This was a 19.4 km day walk recommended by Mike and endorsed by every guidebook and i-site advisor we had met.
This was the description on our map:- 'The traverse of the stark and spectacular volcanic terrain of Mt Tongariro is one of the most fascinating treks in the country. Among its highlights are steaming vents and hot springs, old lava flows, beautiful water filled explosion craters and stunning views.'
Being a one day walk we needed a shuttle to the start at Mangatepopo Valley, so we left Madge at the Ketetahi Car Park and hopped on the 'Backyard tours' minibus to the start at 6.15. In the way we had the luck to see sunrise from behind the volcano Mt Ngauruhoe 2287m (aka Mount Doom).
This route is so popular that up to 700 people a day walk it in summer (hence our early start). Despite this there are signs everywhere advising you about the dangers of the volcano and asking "Do you have the right kit? Are you fit enough to walk this route" etc.
If we weren't apprehensive enough already, our Maori bus driver, Brendan, insisted on saying a prayer for us before we set off!!
The whole walk was astounding, the first section was a steady climb from Mangatepopo Valley to Soda Springs, where dissolved salts make the water in the streams fizz. At this point we somehow picked up limpet-lady, walking with her two friends but who suddenly abandoned them in favour of us, and talked and talked.... We hid in the portaloos, but she waited outside, and resumed her chatter. We wandered off to inspect the soda streams more closely...
At the top of the valley, 2.5 hours into our 8 hour tramp, we were faced with a choice. Did we want to add in a three hour detour to climb to the summit of Mt Ngauruhoe (otherwise known as Mount Doom in the film version of Lord of the Rings). When we arrived at its base, low cloud obscured most of the volcano and only the first two or three route marker poles were visible. We decided to go up a short way to see what it was like and turn back if there was snow and ice or if the threatened scree slopes were too difficult.
Two hours later we made it to the top, having scrambled up the steep rocky lava ridge! It was a tricky climb as between the rocky outcrops there was loose scree so that, at times it felt as if we were floundering about like an Andrex puppy on a floor covered with ball-bearings! Very much a case of two steps up and slip one back.
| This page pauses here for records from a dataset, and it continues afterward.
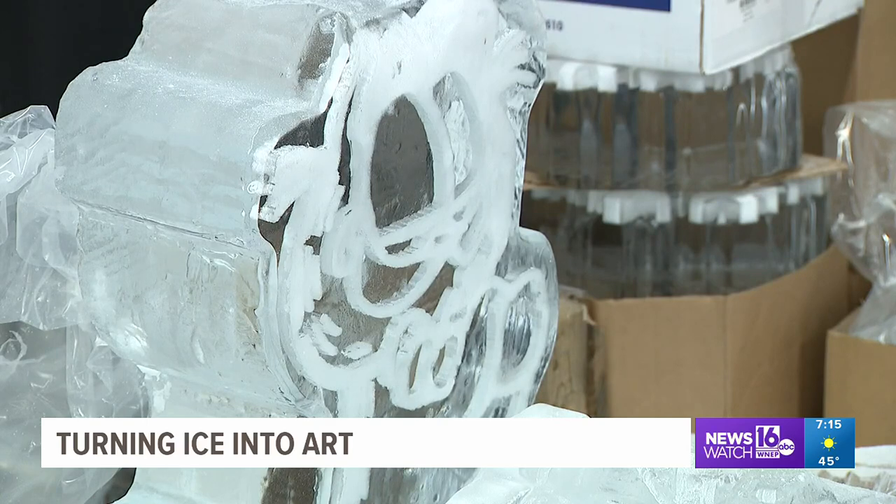Despite mild temperatures, employees here say the sculptures should last. The biggest damage to an ice sculpture is done by the sun. So if they're out of the sun, they'll actually last for quite some time, even in above freezing temperatures.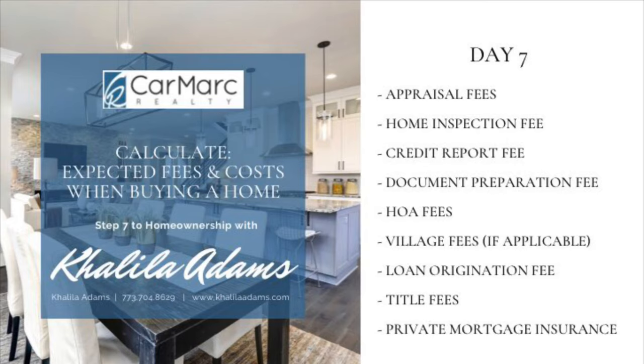Next is the home inspection fee. You will likely get your own home inspection to verify the condition of the property and to check for home repairs that may be needed before closing.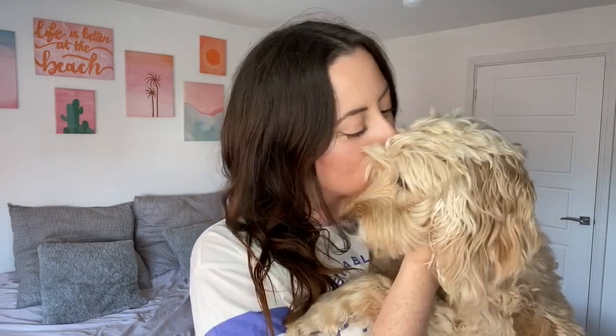And before we get into it, my little angel dog Kitty also wanted to say hello and tell you what a good girl she's been looking after her new baby brother. She's always been the baby dog in our family but she's been so lovely with Buddy and we are so lucky to have her. Now let's get into the haul.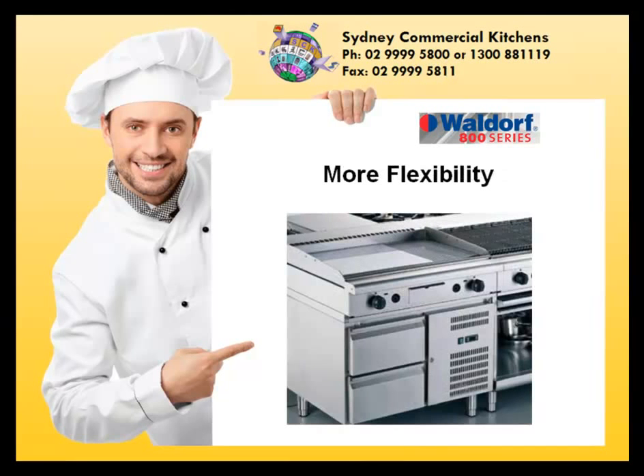More flexibility, with an expanded range of products and features, the Waldorf 800 series can be configured to suit virtually any application.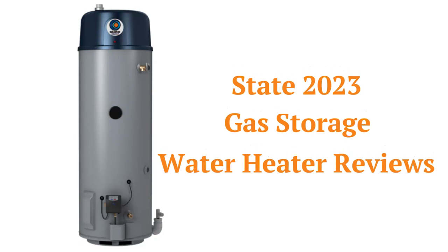This brand is made in the USA and is a part of A.O. Smith. The water heaters are sold through their plumber/dealer network, but they only have an average guarantee.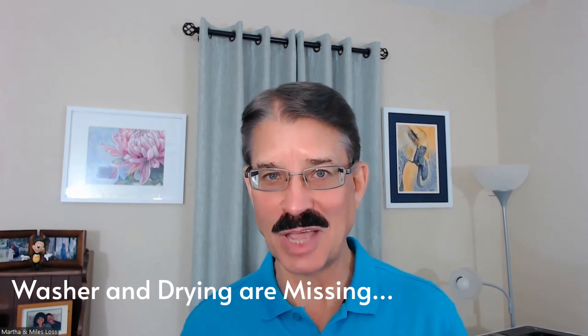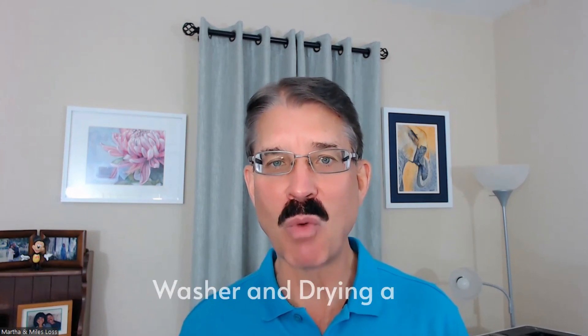Sometimes they stay, sometimes they go. They mention the washer and dryer in the multiple listing service that they're going to stay with the sale of the property. Then you go on a contract, but you don't include the washer and dryer. And depending upon the contract that's being used, there's not specific wording that these items would stay. You go to do your final walkthrough and the washer and dryer is not there.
The views on the way were, of course, magnificent and the clouds cleared beautifully for us.
As per all the guides and signs, we were sensible trampers wearing sturdy boots, trousers, hats and sunglasses with a bag of warm/waterproof clothing and endless bottles of water. We observed with some consternation some of our fellow trampers covering the same route wearing little more than beach wear and the kind of canvas shoes that a wannabe surf dude might wear when sauntering along the waterfront in Salcombe. They still beat us to the top and survived to tell the tale!
Once at the top the final fifty metres was on snow and loosely packed ice crystals. The sun sparkled on the surface and lit up the area - not at all Doom like!
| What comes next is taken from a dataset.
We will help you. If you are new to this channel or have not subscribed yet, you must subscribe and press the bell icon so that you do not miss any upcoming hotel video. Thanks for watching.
Getting down from the summit was easy at first, most people sledged on their bottoms! At the base of the snow slope there were steaming volcanic vents and the surrounding rocks were warm, rather like leaning against the Aga back home. Ideal for drying soggy sledging trousers and sitting for a picnic lunch.
The remaining descent was rather more challenging, being a scree slope interspersed with larger rocks and a fine dusty ash that was very slippery.
I Scree running was the easiest and fastest way down but was tricky to do safely and without sending rocks down the slope below us. I watched, green with envy as one couple ran from top to bottom of the scree slope arm in arm, legs in perfect synchrony, as if in a school three-legged race, go-pro camera held aloft to film their descent!! They did end up in a heap at the bottom but it will be a great bit of footage!
By contrast we scrunched and slid and bumped our way down separate parts of the mountain to minimise the risk of damaging each other! (Think Mr Bean crossed with Danny from Local Hero!)
We landed at the bottom after our 3.5 hour detour, ready to resume our TAC tramp. Just another 4.5 hours to go...
The spectacular views just kept coming - the vast level floor of South Crater, the sulphurous climb up to Red Crater and its improbable colour and lava tube. Then on towards the Emerald Lakes, three brilliantly coloured lakes in shades of turquoise, pale teal blue and bright lime green. After descending another scree run (we had the hang of it this time!) we found some grassy tussocks to sit on ate the rest of our lunch. What a brilliant way to spend a day!
The rest of the walk went happily by. A large blue lake, more steaming fumaroles, distant views to Lake Taupo, smooth as a mirror in the bright afternoon sun. We had got to know the dozen or so people walking near or us and although we walked at different paces and stopped and looked at different things, it was really quite companionable in a 'We respect your privacy and you reflect ours,' kind of way. (Except for the boy in white beach shorts and plimsolls who just kept popping up and standing at the edge of everyone's photographs.....)
We made a brief stop at the malodorous Ketetahi hut and followed a path through a volcanic danger zone ('Keep moving for the next 700 metres, do not stop. If you hear a loud noise, do not enter this area'... Eeek!) the volcano last erupted without warning in 2012!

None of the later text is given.